Vu les autres pièces du dossier.
Vu :
- le code général de la propriété des personnes publiques ;
- le code de justice administrative.
Les parties ont été régulièrement averties du jour de l'audience.
Ont été entendus au cours de l'audience publique :
- le rapport de Mme Balaresque,
- les conclusions de M. Pecchioli, rapporteur public ;
- et les observations de Me d'Audigier, représentant la commune de Saint-Martin-de-Londres.
Considérant ce qui suit :
1. La commune de Saint-Martin-de-Londres a conclu le 31 août 2011 avec M. A..., artisan menuisier, un bail " de locaux d'exploitation " portant sur la location d'un hangar situé sur les parcelles cadastrées B n° 459 et 551 au 71 rue des Sapeurs pour la période allant du 1er octobre 2011 au 1er décembre 2012, renouvelable par tacite reconduction et moyennant le versement d'un loyer mensuel de 600 euros. Par une décision du 7 décembre 2015, le maire de Saint-Martin-de-Londres a décidé de mettre fin à ce bail. Par un jugement du 9 avril 2018, le tribunal administratif de Montpellier a rejeté la demande de M. A... et de l'EURL MCV tendant à l'annulation de cette décision. Par un arrêt du 19 juin 2020, la cour administrative d'appel de Marseille a, sur appel de M. A... et de l'entreprise MCV, annulé ce jugement et rejeté leur demande comme portée devant une juridiction incompétente pour en connaître. Par une décision du 22 octobre 2021, le Conseil d'Etat a annulé l'arrêt du 19 juin 2020 et renvoyé l'affaire à la cour administrative d'appel de Marseille.

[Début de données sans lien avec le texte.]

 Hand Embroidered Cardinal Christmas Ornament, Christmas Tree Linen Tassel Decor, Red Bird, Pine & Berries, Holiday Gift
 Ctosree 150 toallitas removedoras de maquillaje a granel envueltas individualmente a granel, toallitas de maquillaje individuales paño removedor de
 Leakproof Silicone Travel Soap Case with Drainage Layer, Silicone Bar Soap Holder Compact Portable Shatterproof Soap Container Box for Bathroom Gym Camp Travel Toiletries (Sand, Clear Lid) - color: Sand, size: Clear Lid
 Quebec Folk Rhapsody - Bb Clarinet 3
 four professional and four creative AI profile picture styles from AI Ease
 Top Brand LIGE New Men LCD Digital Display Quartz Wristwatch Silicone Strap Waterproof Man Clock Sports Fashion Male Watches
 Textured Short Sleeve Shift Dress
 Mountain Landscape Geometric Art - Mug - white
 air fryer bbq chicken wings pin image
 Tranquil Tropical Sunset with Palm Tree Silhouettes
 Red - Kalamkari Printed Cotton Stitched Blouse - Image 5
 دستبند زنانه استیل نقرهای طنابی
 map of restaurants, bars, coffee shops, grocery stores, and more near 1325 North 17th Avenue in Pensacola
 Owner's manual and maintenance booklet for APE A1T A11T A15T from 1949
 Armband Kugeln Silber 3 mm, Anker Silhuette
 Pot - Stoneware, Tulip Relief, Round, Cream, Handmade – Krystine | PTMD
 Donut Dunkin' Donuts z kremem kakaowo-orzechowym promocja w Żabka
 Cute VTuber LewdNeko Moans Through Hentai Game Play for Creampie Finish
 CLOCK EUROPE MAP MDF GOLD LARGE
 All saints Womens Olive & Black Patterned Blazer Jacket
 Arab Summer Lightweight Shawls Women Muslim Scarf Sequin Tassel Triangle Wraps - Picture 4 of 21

Sur la compétence de la juridiction administrative :
2. Aux termes de l'article L. 2111-1 du code général de la propriété des personnes publiques dont la partie législative est issue de l'ordonnance du 21 avril 2006 : " Sous réserve de dispositions législatives spéciales, le domaine public d'une personne publique mentionnée à l'article L. 1 est constitué des biens lui appartenant qui sont soit affectés à l'usage direct du public, soit affectés à un service public pourvu qu'en ce cas ils fassent l'objet d'un aménagement indispensable à l'exécution des missions de ce service public ". Aux termes de l'article L. 3111-1 du même code : " Les biens des personnes publiques mentionnées à l'article L. 1, qui relèvent du domaine public, sont inaliénables et imprescriptibles. ". Aux termes de l'article L. 2141-1 du même code : " Un bien d'une personne publique mentionnée à l'article L. 1, qui n'est plus affecté à un service public ou à l'usage direct du public, ne fait plus partie du domaine public à compter de l'intervention de l'acte administratif constatant son déclassement ".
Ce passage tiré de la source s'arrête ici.